Mark Mathews

How to play at another level

Mark Mathews

Believe you can and you’re half-way there 

Theodore Roosevelt 

Mark Mathews is one of the world’s best big wave surfers. Mark has surfed many of the world’s heaviest and biggest waves including Cape Fear, NSW, Teahupoo, Tahiti, Jaws, Maui and The Right, WA. Every time he faces a wave he faces the possibility of a broken neck or even death. You may think that it takes some kind of extraordinary human with a bizarre breath holding capacity and courage for days to keep doing this year after year at age 37.

Surprisingly, Mark doesn’t see himself as special. In fact he says he’s just a normal guy with average athletic ability and an introvert who manages over-anxiety.

When he was 17 years old his mother became deathly sick with a very treatable disease. However at the time doctors didn’t know what she had. So Mathews was struck with the possibility that he would be supporting his mom for the rest of her life. He was invited to do a magazine shoot for surfing, and because it meant he would earn an income, he decided to do it.

But when he got to the location the waves were easily 500% bigger than anything he had surfed. He says there’s no way he would have done it if it hadn’t been for the fact that his mother was sick.

He always thought that surfing big waves were out of his league. Later he described it as a surreal moment. He did it and because of that experience he suddenly had the intrinsic confidence that he could surf at this level.

A couple weeks ago I wrote about NFL Seattle Seahawks’ coach Pete Carroll. He said that he considers it his job to prove to his athletes how good they are and he does everything he can to build their confidence. He plays tape for them to watch, has them run reps, shows them, tells them, and repeatedly builds them up until they believe it.

Because, Carrol says, when they believe it and the going gets tough then they rise up and face the challenge.

Scott Mann is a retired U.S. Army Green Beret. He has been in many hostile situations where he was shot at and worse. Scott said something that stood out to me.

When he was in Afghanistan he and his troops would demonstrate leadership. They would go on the rooftops and defend against the Taliban. Week after week. Until one local farmer decided to join them. Then another. Then another. From this experience he learned how to create trust and connect with others.

People build confidence by observing, by learning, and by being given the opportunity to “do reps”. Until they eventually come to their own conclusion that they can do it.
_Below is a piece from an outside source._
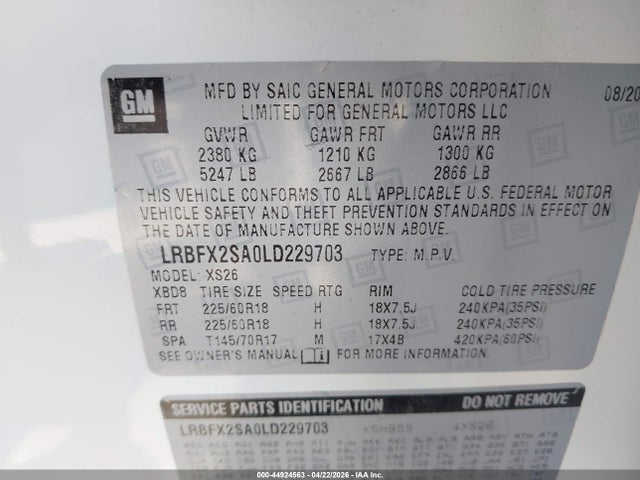 44924563 :رقم المزاد ، LRBFX2SA0LD229703 vin ، 2020 Buick Envision Awd Essence مزاد بيع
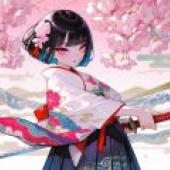 New Year cherry blossom trees，A girl with black hair wears a kimono and holds a red sword.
Everyone of these people experience fear. They aren’t superhuman. They are real people.

Courage isn’t the absence of fear, it’s going forward despite the fear.

Scott Mann says to business leaders alike, “Connect like your livelihood depends on it. Because it does. Because we are meaning seeking emotional social creatures.”

These 3 heros have one thing in common. They are confident that you have the ability to play at the same level.